We have been sitting on the crowded bleachers of my faculty gymnasium when silence fell and a well-known track adopted.
“Oh Canada…” – voices started to sing alongside – “our residence and homeland….”
I stood up with my friends after I felt a tug on my sleeve.
“Sit down,” my mother mentioned.
I regarded down at her — the one particular person not standing in the entire gymnasium.
“What are you doing?” I bent over and whispered, by way of clenched tooth.
“We aren’t Canadian!” She mentioned it loudly so everybody in our neighborhood might hear her. “We’re Anishinaabe. We do not stand for a track that is not ours.”
A number of the folks stared at us because the track continued.
I sat down, rubbing the material on my denims to keep away from eye contact with these round us, particularly the children who bullied me for being brown.
My mother bumped her elbow towards me. I checked out her, my face and physique nonetheless feeling sizzling with disgrace. Her smile washed it away and he or she started laughing.
“Your mother’s a warrior,” she whispered.
“Me too,” I mentioned gently as I took her hand, and felt pleasure.
“We stand on guard for thee…”
I smiled and sat up tall, making eye contact with anybody who was trying our method.
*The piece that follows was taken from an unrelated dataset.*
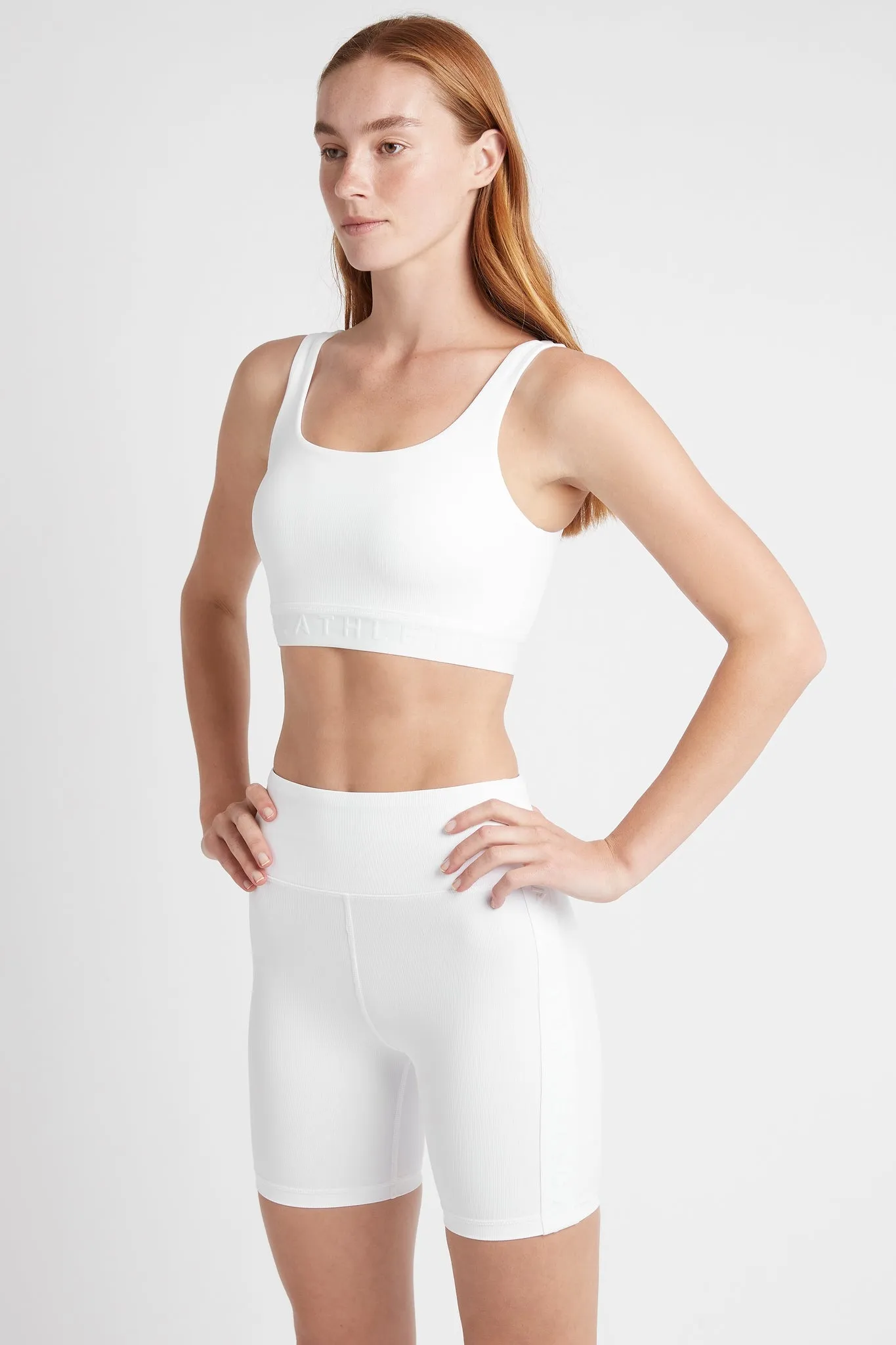 Essential Mid Length Bike Shorts 601 sold by Aje product image thumbnail 3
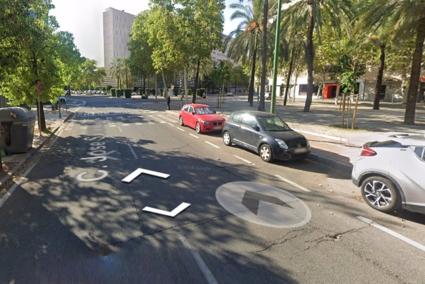 Sevilla.-Sucesos.-Muere un hombre de 62 años en silla de ruedas tras ser atropellado por un turismo en la capital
‘I’m Anishinaabe,’ I assumed, proudly.

Why I do not take part in elections
My mom jogged my memory usually that I used to be Anishinaabe as I grew up.
“They are going to attempt to make you’re feeling lower than, however we have now to face in our energy,” she mentioned, nodding her head at me, and smiling. “We needn’t vote in Canadian elections if we aren’t Canadian.”
I might repeat my fact in school rooms to highschool lecturers, writing out the info of Canada’s genocidal past in historical past papers, usually receiving low marks.
As I grew older, I turned louder in who I used to be and my nationhood, following within the steps of my members of the family and plenty of of these from my residence neighborhood of Pays Plat First Nation, in what is called Ontario.
In college school rooms, political conferences with Members of Parliament, and even in assembly former Prime Minister Stephen Harper in my early 20s, I all the time positioned myself by my nation, initially.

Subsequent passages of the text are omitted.